"When cultural artifacts are illegally ripped out of context and sold, it is impossible for archaeologists even to begin the painstaking process of reconstructing something about the cultural meaning of these things and the cultural memory that attended to them. In many cases, material remains are our only source of information about the past, and looting, theft, and international sale of these artifacts radically diminishes their value as historical records.
"Proper, scientific excavation and documentation are key to preserving the archaeological record; so are international agreements that discourage the pillaging of tombs and other historic sites by strictly regulating the sale of cultural property. The Bryn Mawr archaeology department and its graduates have been leaders in both regards, virtually from the origins of the discipline in the United States up to the present day. This steadfast devotion to the highest standards of professional ethics plays an important role in maintaining warm international relations between the United States and the countries where we do research."
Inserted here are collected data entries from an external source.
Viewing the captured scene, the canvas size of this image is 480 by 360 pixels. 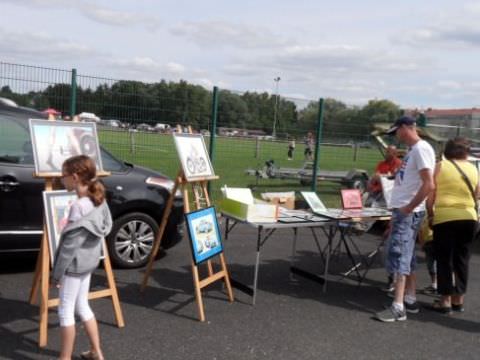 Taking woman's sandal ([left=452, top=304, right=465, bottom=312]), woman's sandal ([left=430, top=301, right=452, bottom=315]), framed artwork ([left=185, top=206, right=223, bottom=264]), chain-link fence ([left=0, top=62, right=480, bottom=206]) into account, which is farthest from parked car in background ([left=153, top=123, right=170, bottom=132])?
woman's sandal ([left=452, top=304, right=465, bottom=312])

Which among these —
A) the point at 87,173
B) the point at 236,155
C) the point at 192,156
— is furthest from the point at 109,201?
the point at 236,155

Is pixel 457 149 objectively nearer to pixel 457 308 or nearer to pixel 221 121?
pixel 457 308

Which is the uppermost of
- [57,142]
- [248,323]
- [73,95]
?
[73,95]

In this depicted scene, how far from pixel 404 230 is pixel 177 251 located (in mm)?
3428

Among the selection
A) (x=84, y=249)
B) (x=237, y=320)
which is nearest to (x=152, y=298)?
(x=237, y=320)

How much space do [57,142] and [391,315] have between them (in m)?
3.55

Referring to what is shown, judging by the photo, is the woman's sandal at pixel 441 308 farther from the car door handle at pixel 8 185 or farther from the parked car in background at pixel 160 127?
the parked car in background at pixel 160 127

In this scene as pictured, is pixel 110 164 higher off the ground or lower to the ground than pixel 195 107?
lower

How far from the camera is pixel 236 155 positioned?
41.7ft

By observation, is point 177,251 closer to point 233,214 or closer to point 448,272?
point 233,214

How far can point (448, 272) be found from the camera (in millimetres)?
5344

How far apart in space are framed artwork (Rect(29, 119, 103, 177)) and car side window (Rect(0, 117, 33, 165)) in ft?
3.88

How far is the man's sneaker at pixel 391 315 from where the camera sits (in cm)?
510

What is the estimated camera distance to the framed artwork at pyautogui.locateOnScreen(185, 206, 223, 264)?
4.88 metres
Note: In 1993, Jim Wright recognized a collection of Mycenaean Bronze Age jewelry offered for sale at a New York gallery as likely the product of graves that had been robbed in 1976 in what is now Greece. His support of a suit by the Hellenic Republic was critical to the eventual repatriation of the objects to Greece in 1996. He recently testified at the U.S. Department of State before a hearing of the Cultural Property Advisory Committee in support of an international agreement on the importation of cultural property from Greece.